E.g. maybe wasm counterparts of https://jsben.ch/ or https://jsbench.me/ types of pages.

Or otherwise when one is testing how some small thing X works.

In the example of t_shapes_looped.html, I was originally writing a test case in a programming contest where performance of the code was measured. I was getting bad time results with Safari, before I realized that a) Chrome seemed to be much faster (so first thought "Safari is really slow", but then observed that b) I could get Safari to be as fast as Chrome if I would "prime" the performance of the code by running it several times in a setTimeout loop for Safari.

So if this would be a "all the same" kind of thing for deciding between AOT vs interpreting of small modules, then these types of situations might be helped by a heuristic like this?

Naturally, if there is some complication though or other rationale that trumps here and makes this not feasible, then definitely not worth it.
Comment 4 Mark Lam 2022-11-30 13:49:09 PST
I think you mean JIT, not AOT.  AOT means something completely different, and non of the engines use AOT.
Comment 5 jujjyl 2022-12-01 02:02:17 PST
By AOT I mean "Ahead of Time" compilation, not JIT. I.e. the process of not using runtime profiling information to compile optimized code, but compiling it with static information.

Assuming https://webkit.org/blog/7691/webassembly/ is still up to date(?), then I suppose I am referring to compiling with OMG tier up front instead of the BBQ tier.

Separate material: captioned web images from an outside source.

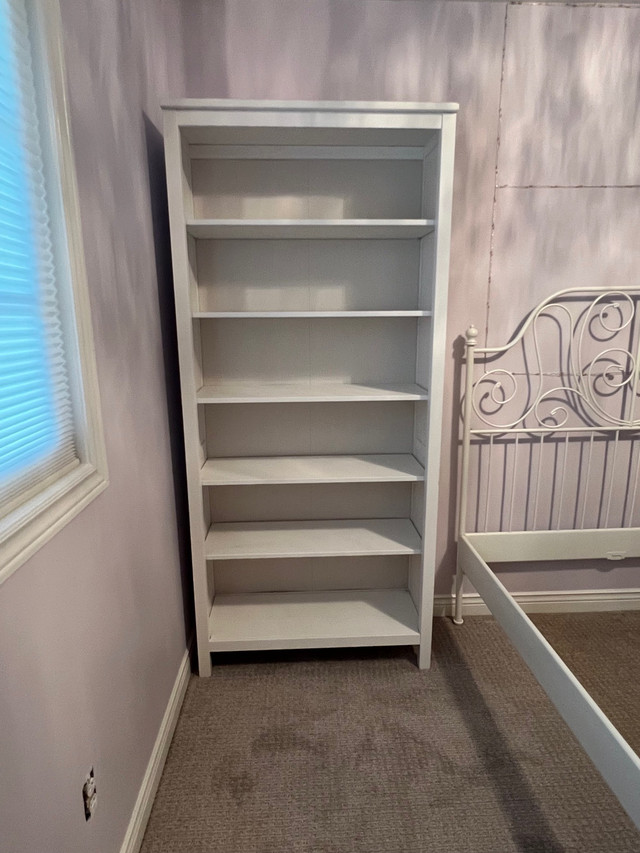 IKEA white bookshelf | Bookcases & Shelving Units | Oakville / Halton  Region | Kijiji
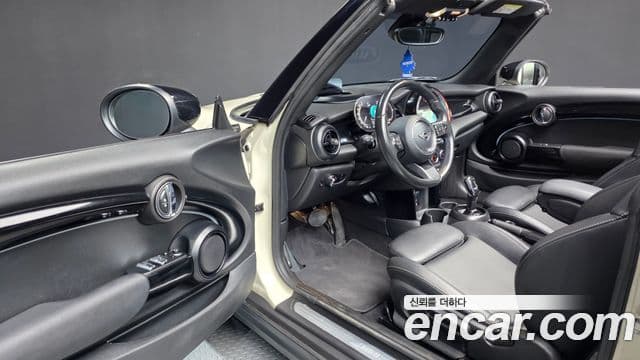 Mini Cooper Convertible 2022 — ფოტო 3/37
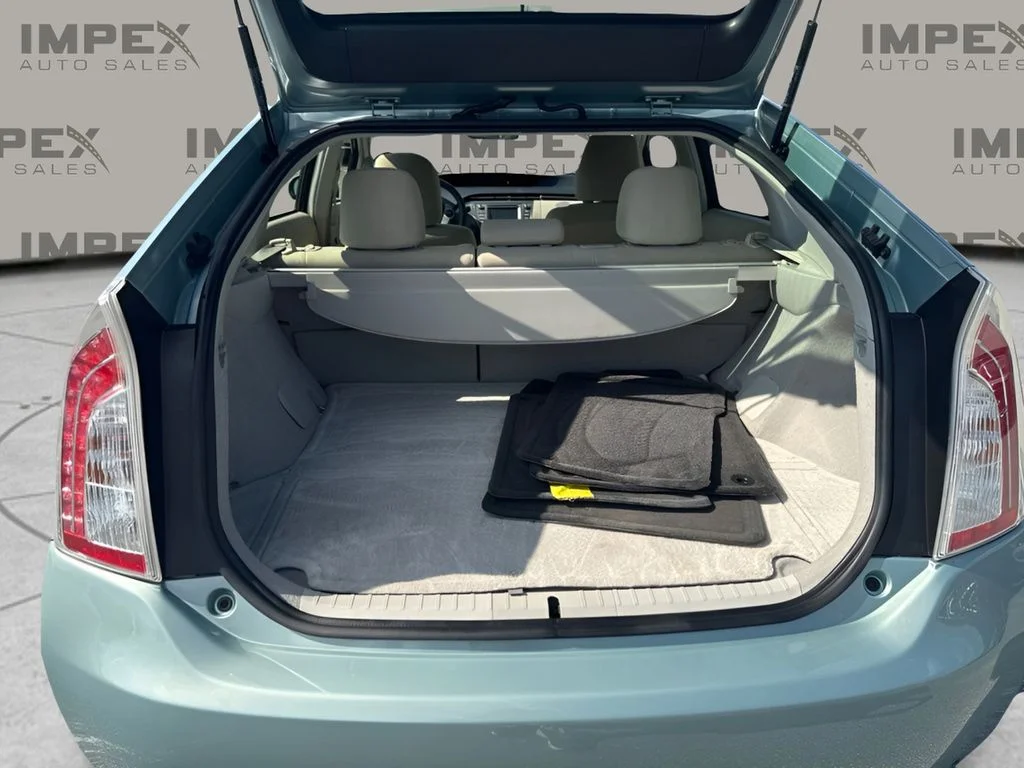 Used 2013 Beige Toyota Three image 21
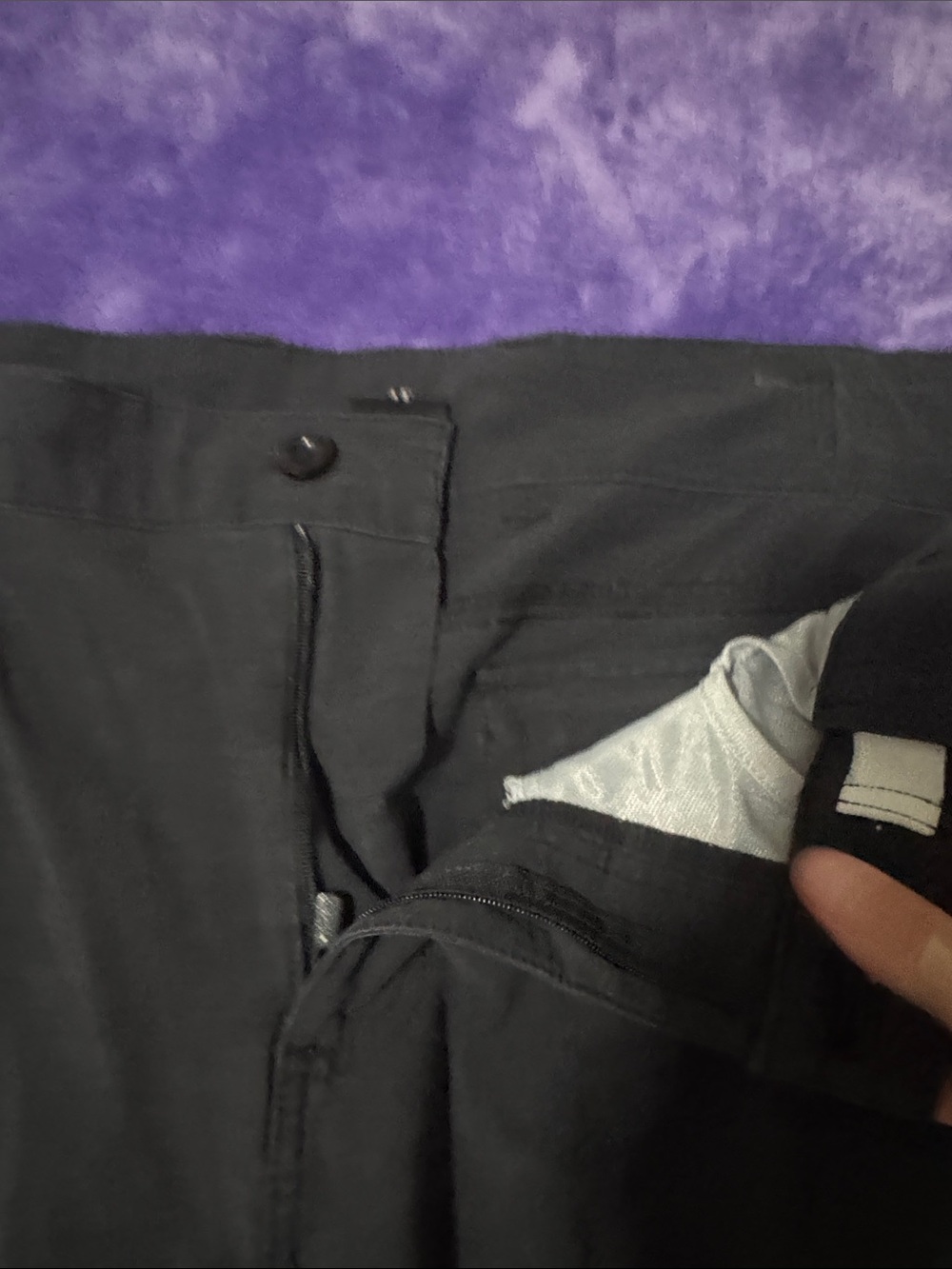 Huk Black Men's Cargo Fishing Shorts - Picture 4 of 8
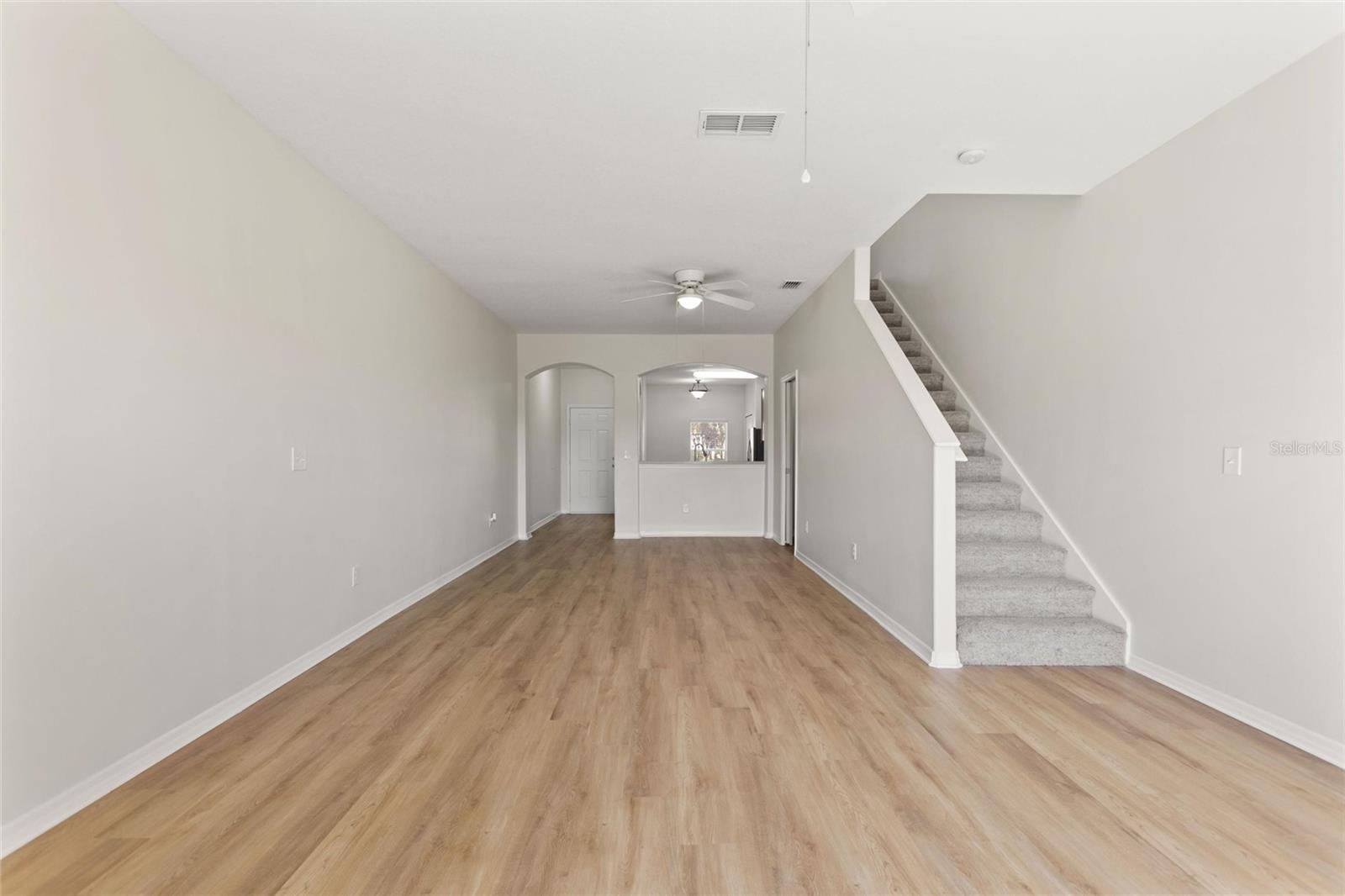 Image 6 of 20 For 1010 Chelsea Drive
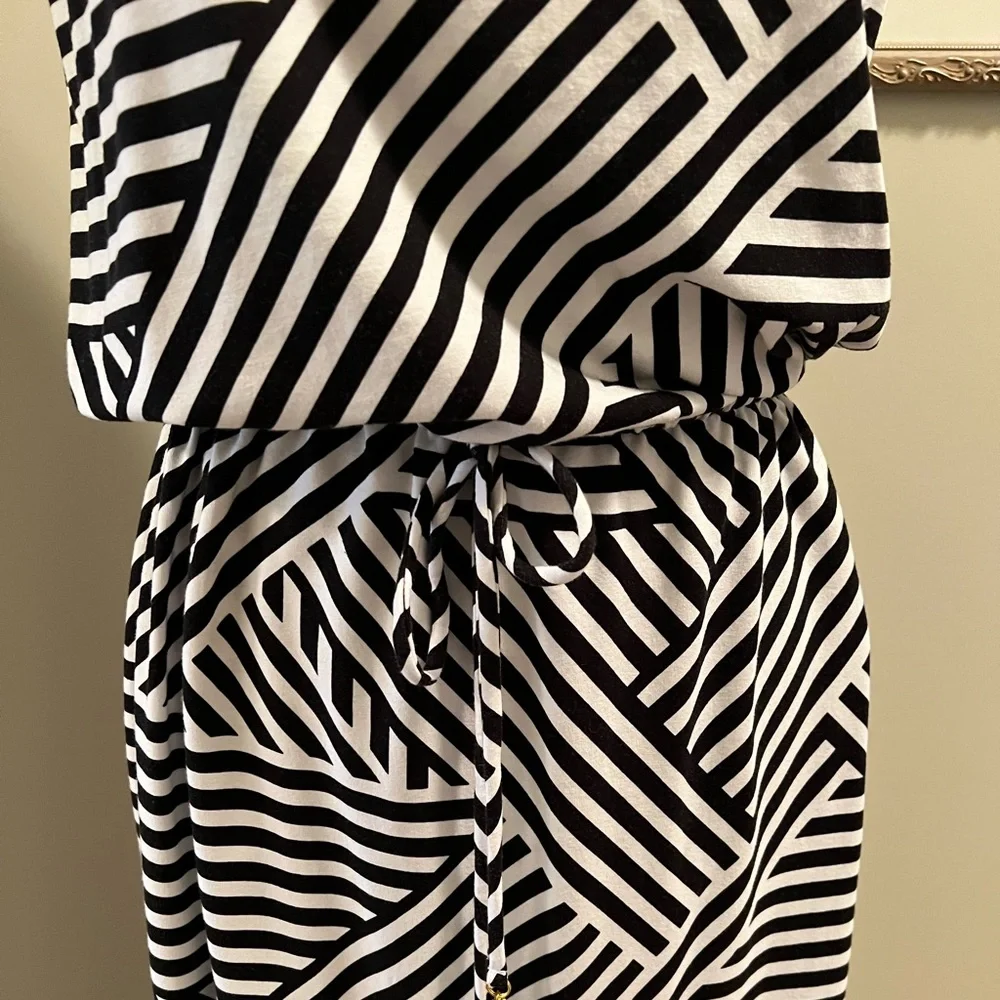 Tommy Bahama strapless maxi Dress - Picture 2 of 5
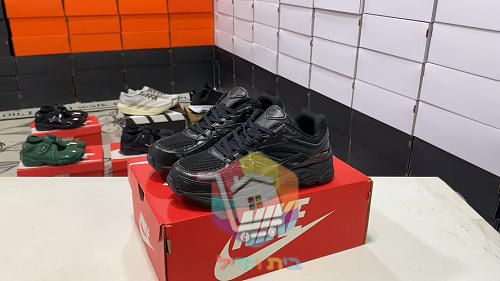נעלי Nike Initiator רטרו בארבעה גוונים 1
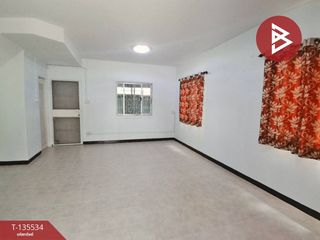 Casa adosada en venta de 3 habitaciones en Mueang Chachoengsao, Chachoengsao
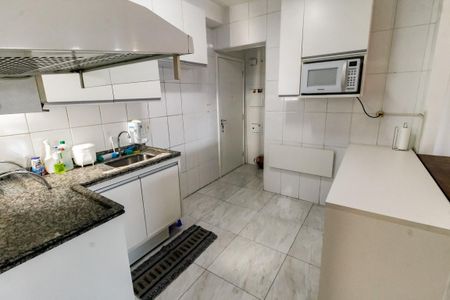 Apartamento para alugar com 103m², 3 quartos e 2 vagas Apartamento para alugar com 103m², 3 quartos e 2 vagasCozinha - Armários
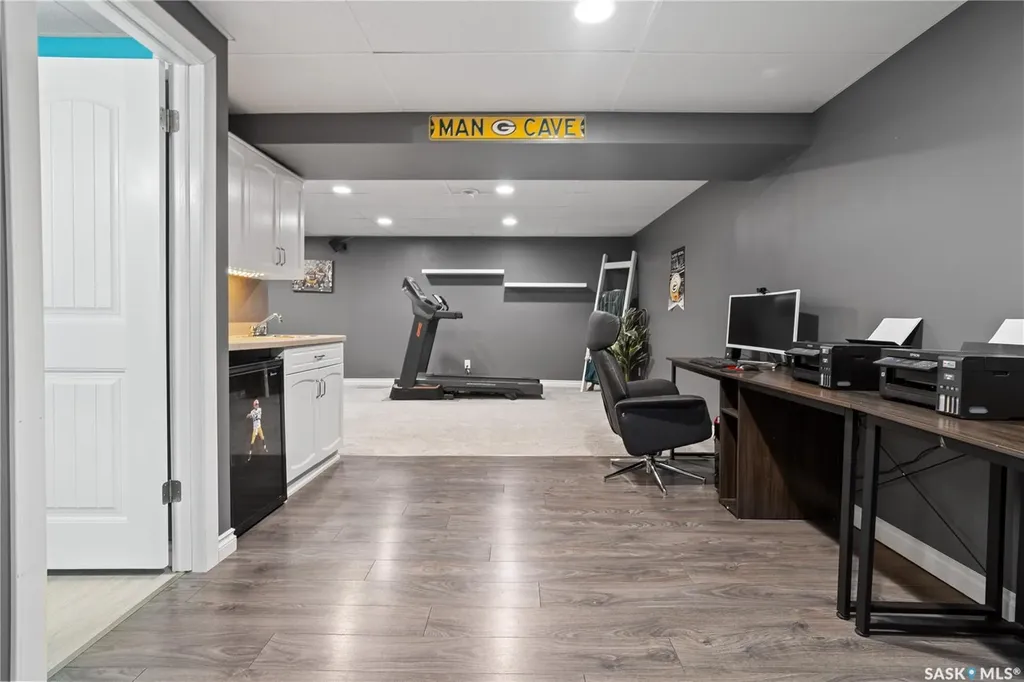 35 Symons Place Regina SK S4X 1M7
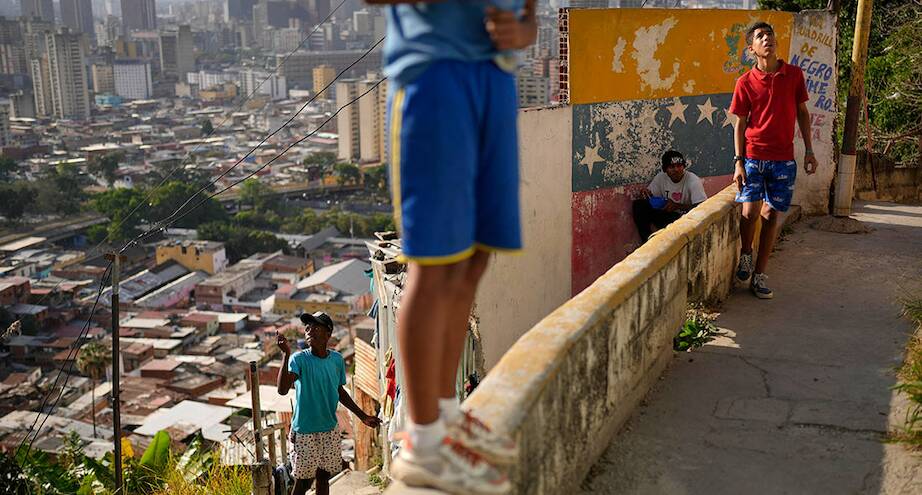 Фото дня: венесуэльские подростки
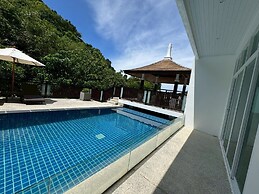 Grand Kamala Falls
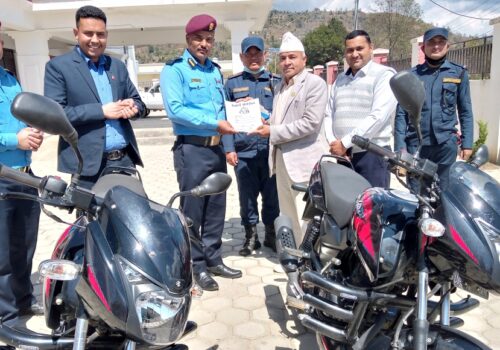 इन्द्रावती गाउँपालिकाद्वारा प्रहरीलाई माेटरसाइकल सहयोग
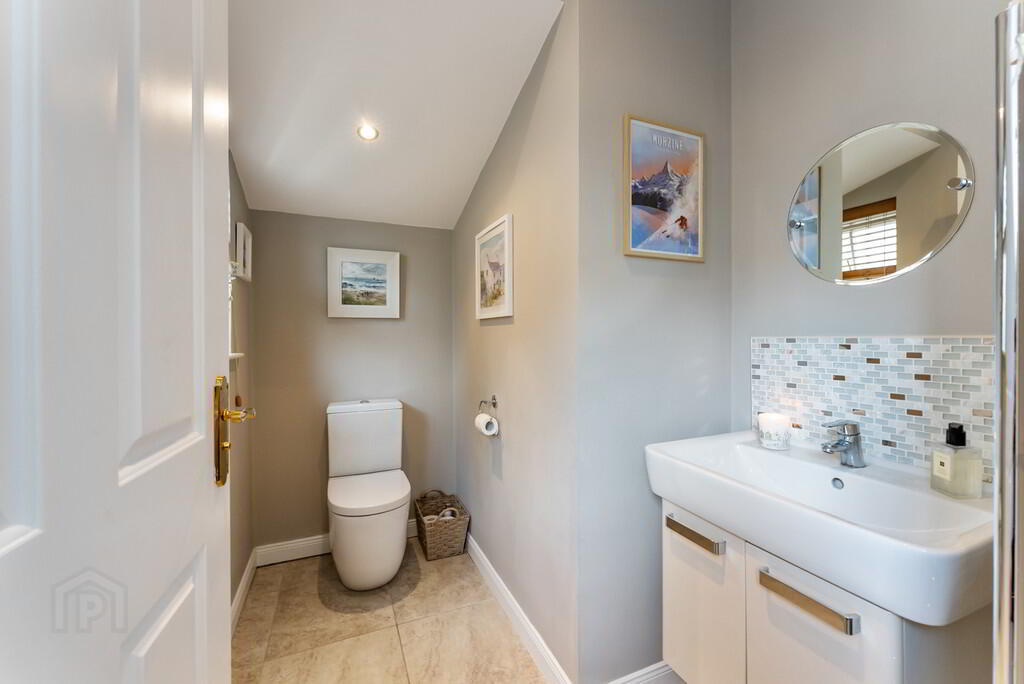 127 Ballantine Gardens 9 of 20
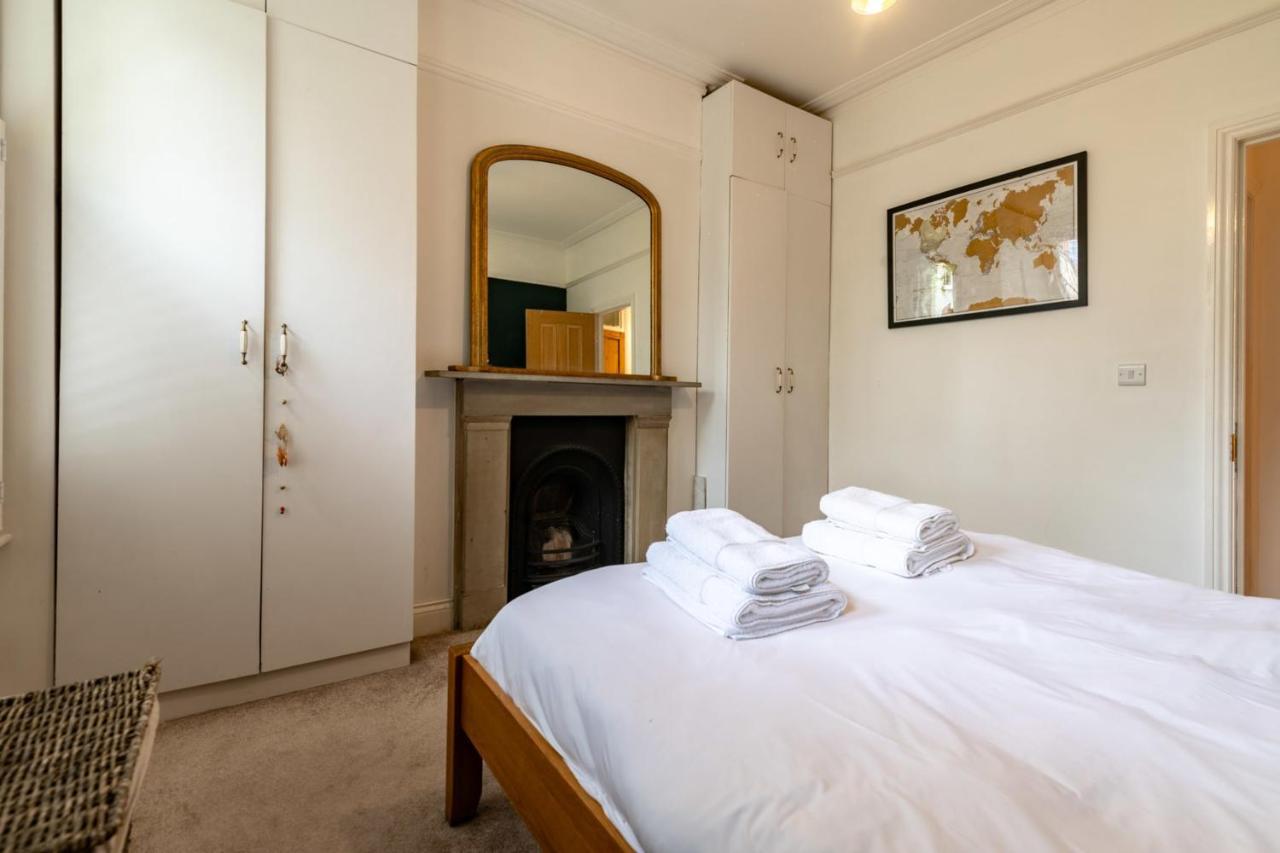 Apartment Beautiful Two Bed Abode In South West London
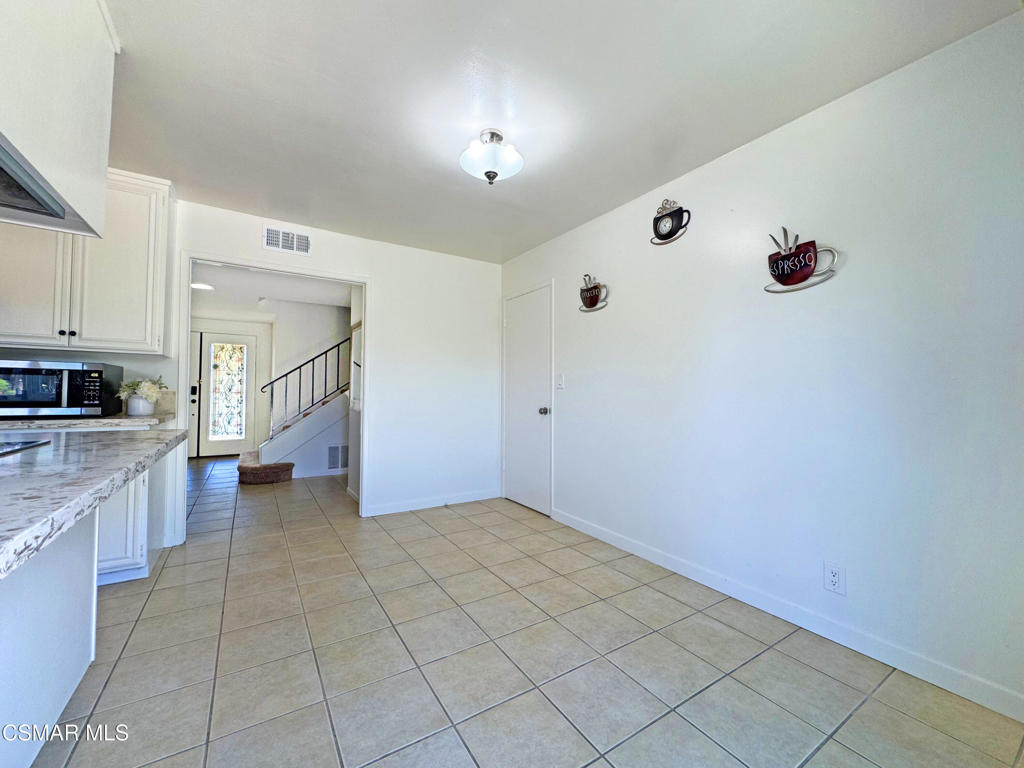 2401 El Portal Way Oxnard, CA 93035 - Photo 7 of 41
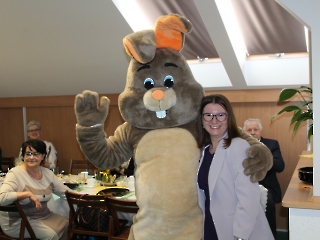 Śniadanie Wielkanocne, występ artystyczny, życzenia, modlitwa, poczęstunek_13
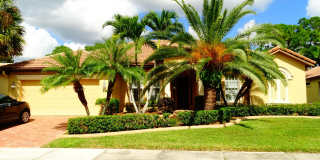 854 SW SAINT TROPEZ Court Gallery 1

The article writes "Since WebAssembly does not require any type speculations, we only use tiering to conserve compile time.", suggesting that the compilation with OMG could be done without needing to collect any profiling data. (in other words, compile with OMG "ahead of time")
Comment 6 Mark Lam 2023-08-09 13:48:24 PDT
We will not be doing this in JSC.  Eagerly JIT'ing Wasm is a recipe for slow responsiveness.  Ahead of time compiling is also not a viable strategy for web workloads that are highly variable.

The better strategy would be to implement a faster interpreter, and tier up faster on the JITs as well as tune their compilation policy.